A la même période, l’ancienne collaboratrice du Premier ministre devenue Secrétaire d’Etat au budget, Madame Florence Parly, avait aussi émis des propos relatifs aux économies que l’Etat devait se demander à lui-même. Où est cette volonté chez le tonique Monsieur Cahuzac ? Où se traduit-elle alors qu’il sait déjà que l’Etat ne parviendra pas à réaliser ses 10 milliards d’économies ?  Là encore, le budget est mort-né par-delà la bonne volonté et la bonne foi des hommes chargés de l’élaborer.

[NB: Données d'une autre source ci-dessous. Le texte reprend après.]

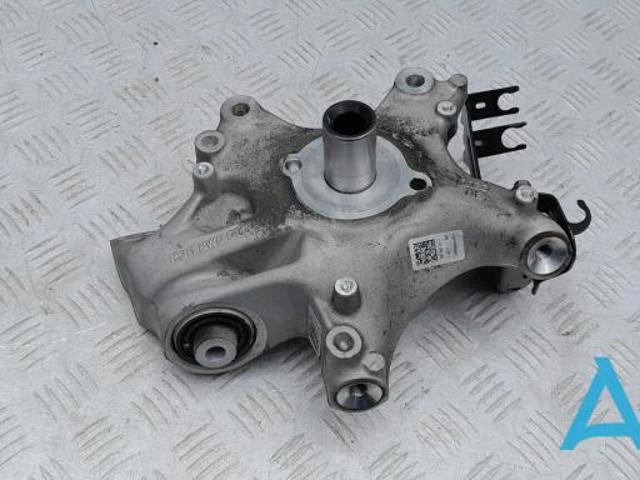 Цапфа левая 8W0505431S VAG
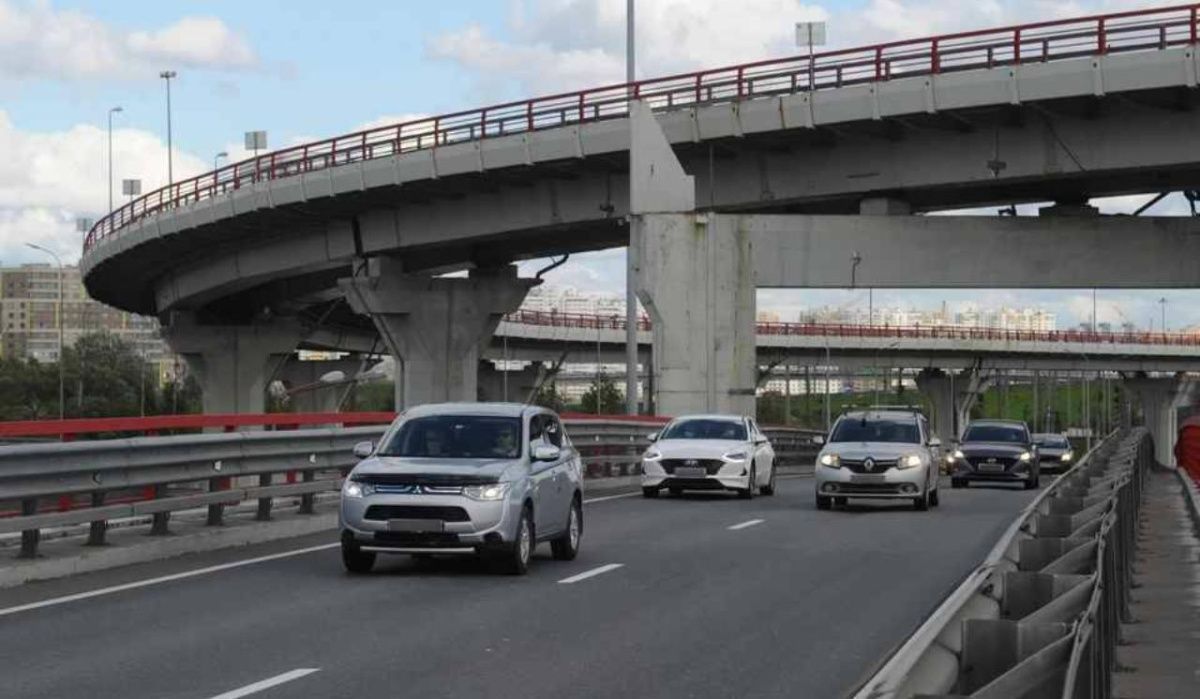 В Петербурге на ночь перекроют съезд с КАД на Московское шоссе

Autre facteur préoccupant, des remontées d’information (chambres syndicales immobilières, notaires) semblent attester d’un mouvement assez prononcé de ventes pour des raisons de sortie de territoires.

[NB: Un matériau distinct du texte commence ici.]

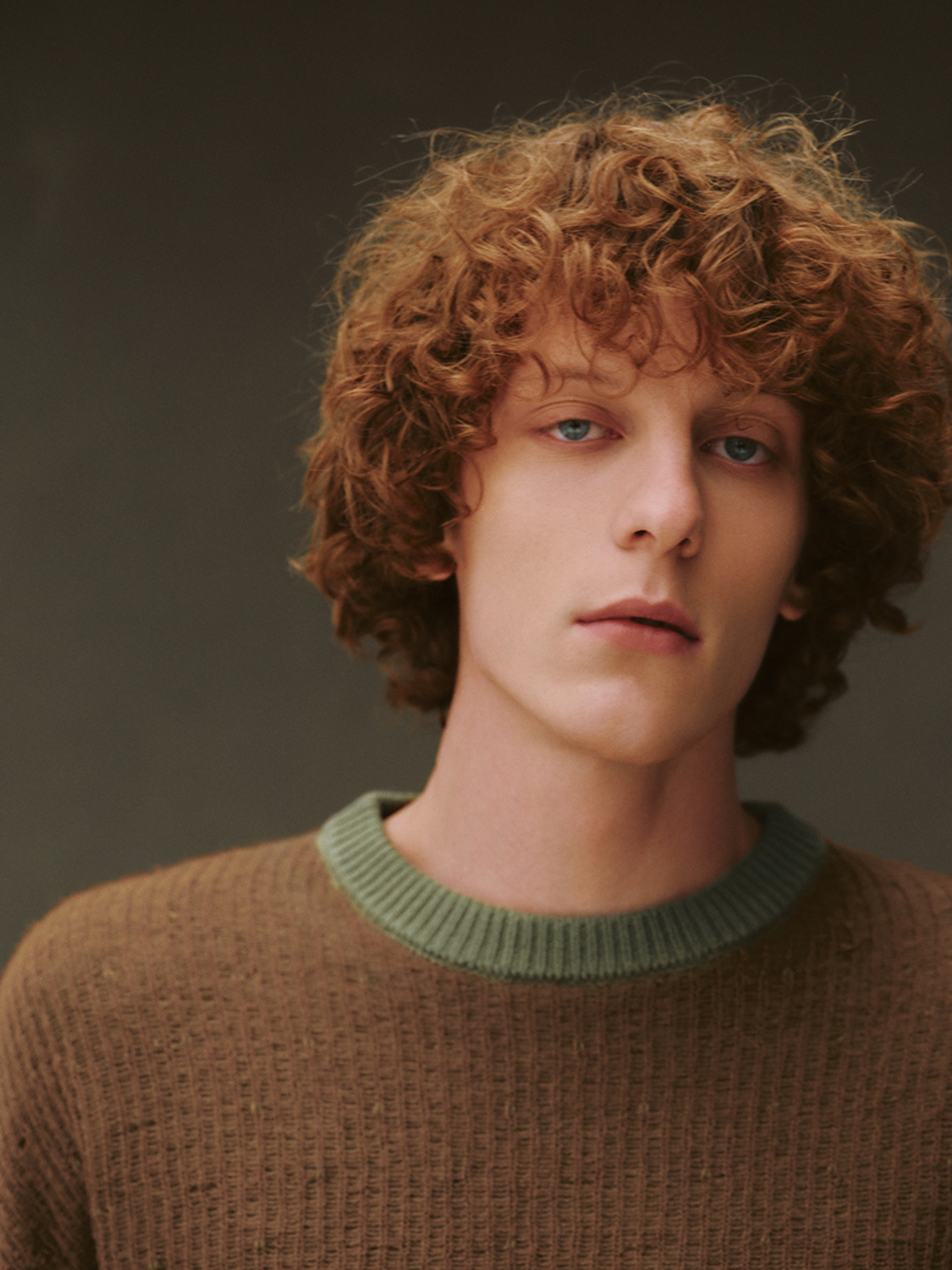 Men's contrasting knitwear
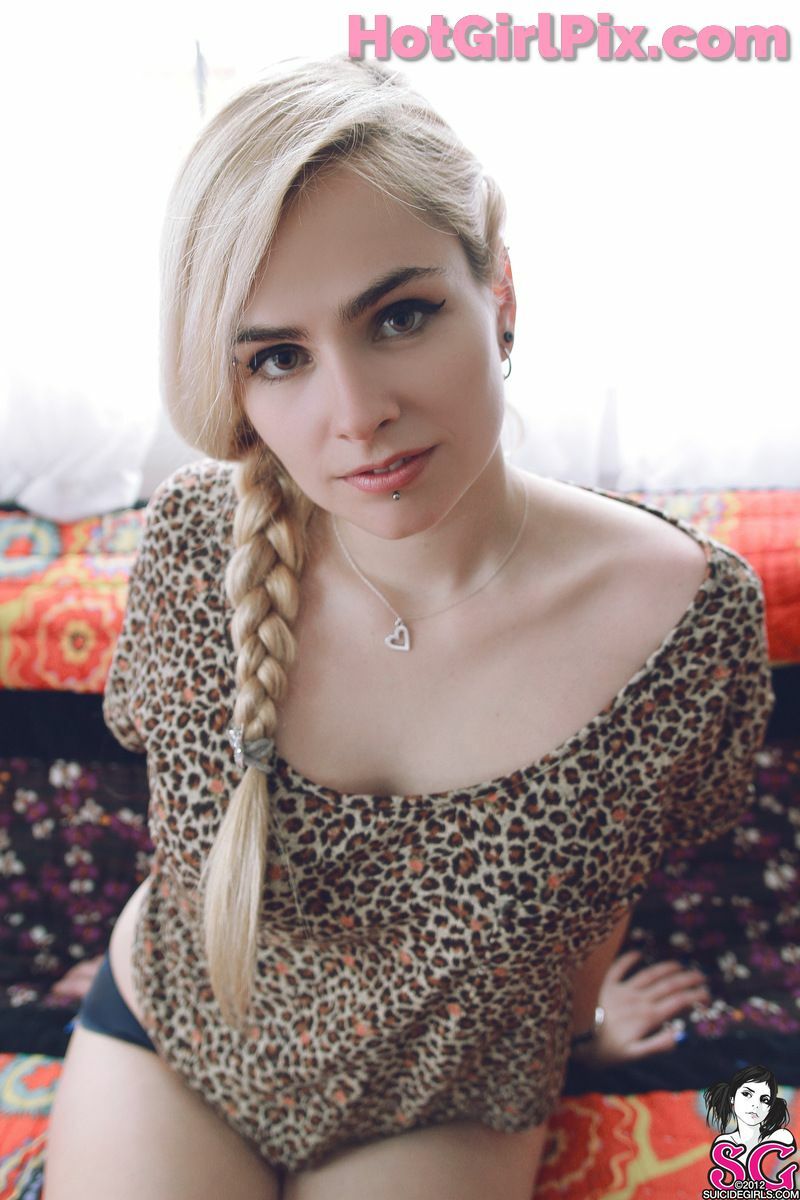 [Suicide Girls] Paloma - Three Cool Cats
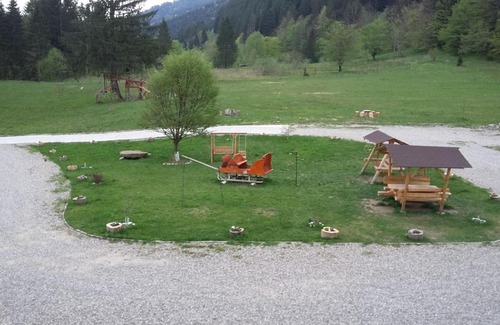 Tarcau House | Pensiunea Poiana Soarelui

A manier le gourdin, on fait heureusement filer quelques gredins qui n’honorent pas notre Nation. A user d’une matraque fiscale en temps de crise, on rend une partie de la France patraque et on perd de sa substance vive au profit de nos concurrents. L’économie ouverte impose de nouvelles règles et la gauche n’aura pas devant elle les 200 familles du temps de Léon Blum mais des dizaines de chaises vides dont les anciens occupants feront les délices des gestionnaires de patrimoine de nos pays limitrophes. Le coût de ce qui constitue un manque de patriotisme et une exacerbation des intérêts micro-économiques est difficile à évaluer mais c’est bien en milliards qu’il va se compter. Là aussi, ceci vient altérer les hypothèses budgétaires (rendement ISF, etc).
Manque à gagner du fait de la surestimation de la croissance escomptée, bridage de la croissance par pression fiscale, économie souterraine, évasion fiscale sont les paramètres qui font que le budget présenté par les Ministres est mort-né.
Que font faire les Parlementaires ? Au terme de l’article 40 de la Constitution ils ont la haute responsabilité de ne pas priver de ressources l’Etat et de ne pas aggraver ses charges. Sous l’ancien Régime, il existait un droit de remontrance par lequel les parlementaires manifestaient leur courroux au Roi.
En matière budgétaire, il serait pertinent de disposer d’un outil de procédure apparenté à la notion de vote de défiance constructive qui existe en Allemagne. Mais comme nous sommes en France et en début de mandat, l’homme du 6 mai 2012 pourra toujours formuler une lettre de jussion pour éviter toute contrariété.  A titre temporaire.